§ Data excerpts
# # # #
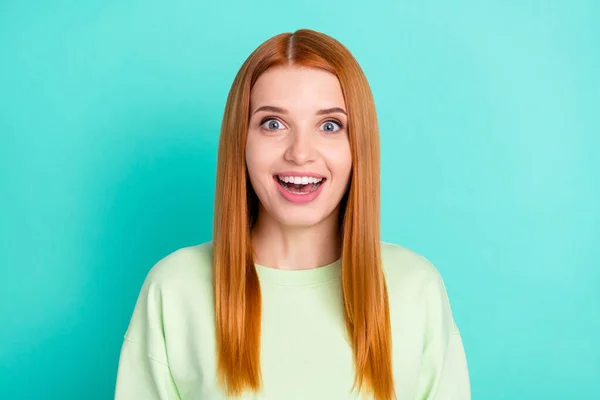 Фото здивованої щасливої шокованої жінки червоне волосся носить повсякденний одяг ізольовано на кольоровому фоні — стокове фото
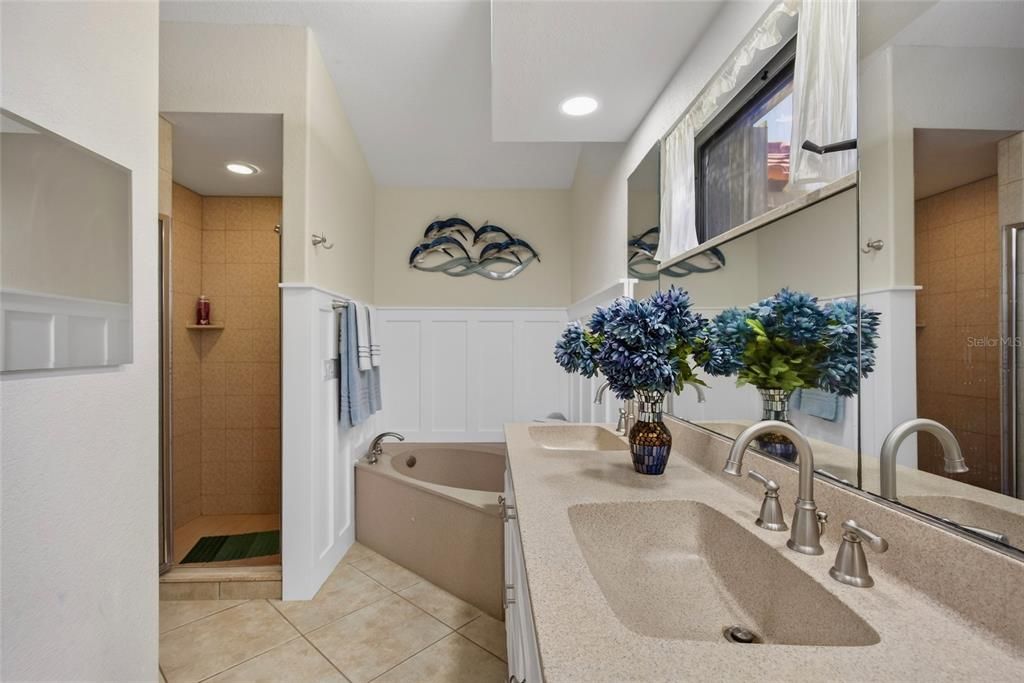 Activo con contrato: $709,000 (3 camas, 2 baños, 2128 Pies cuadrados)
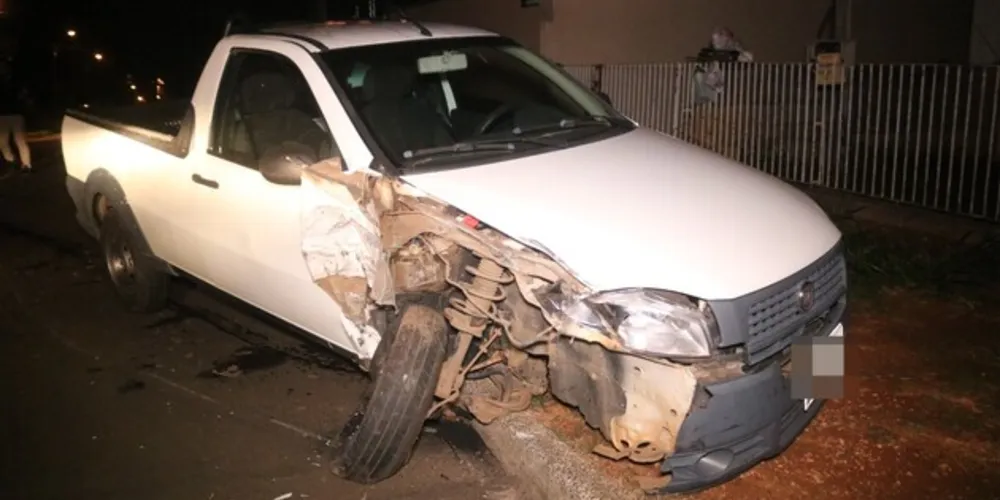 Uma mulher, de 54 anos, ficou ferida no acidente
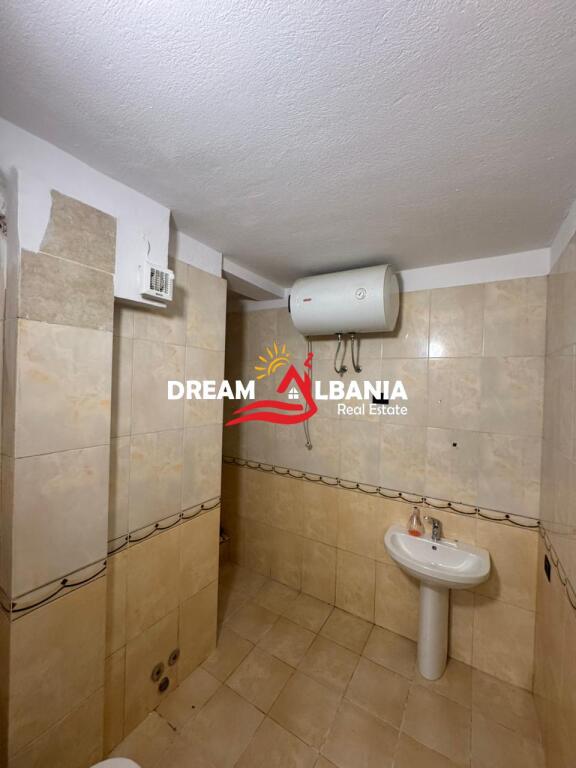 Ambient Komercial/ZYRE me qera ne Myslym Shyr, Prane “Gjykates se Larte”– Tirane (ID 42611365)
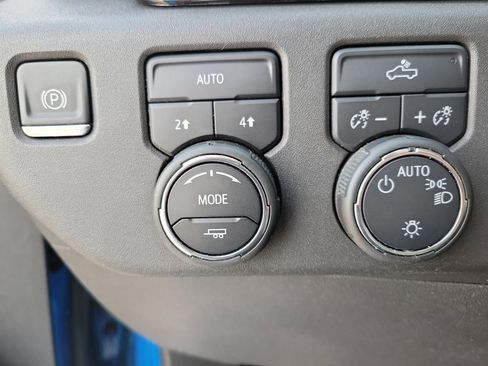 Used 2023 Chevrolet Silverado 1500 LT image 22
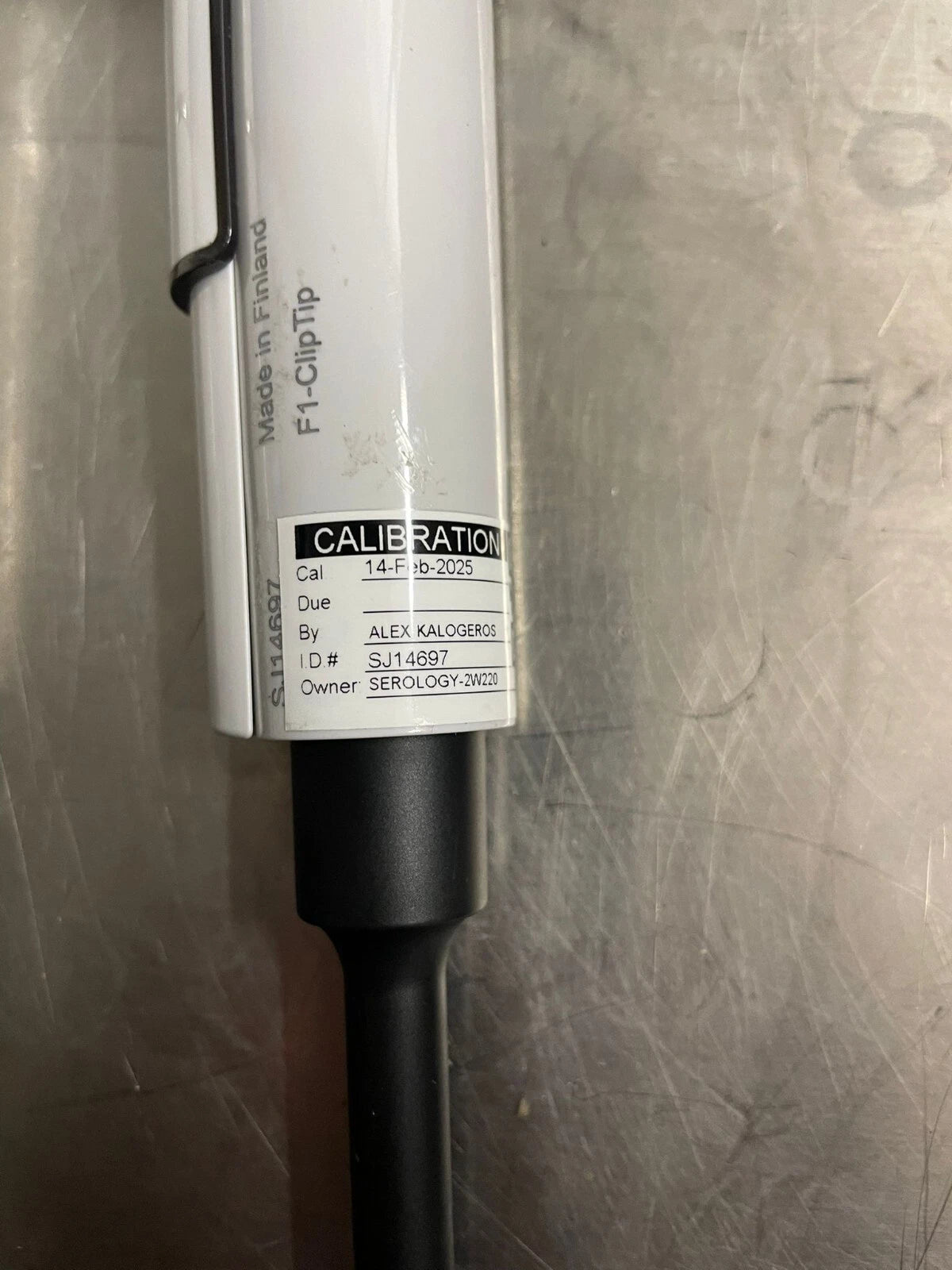 lot of 2 Thermo Scientific™ F1-ClipTip™ 30- 300 uL Single Channel Pipette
# # # #
§ What is needed
Omitting all images, retype each line of the records precisely.

§ Reply to the task
 Фото здивованої щасливої шокованої жінки червоне волосся носить повсякденний одяг ізольовано на кольоровому фоні — стокове фото
 Activo con contrato: $709,000 (3 camas, 2 baños, 2128 Pies cuadrados)
 Uma mulher, de 54 anos, ficou ferida no acidente
 Ambient Komercial/ZYRE me qera ne Myslym Shyr, Prane “Gjykates se Larte”– Tirane (ID 42611365)
 Used 2023 Chevrolet Silverado 1500 LT image 22
 lot of 2 Thermo Scientific™ F1-ClipTip™ 30- 300 uL Single Channel Pipette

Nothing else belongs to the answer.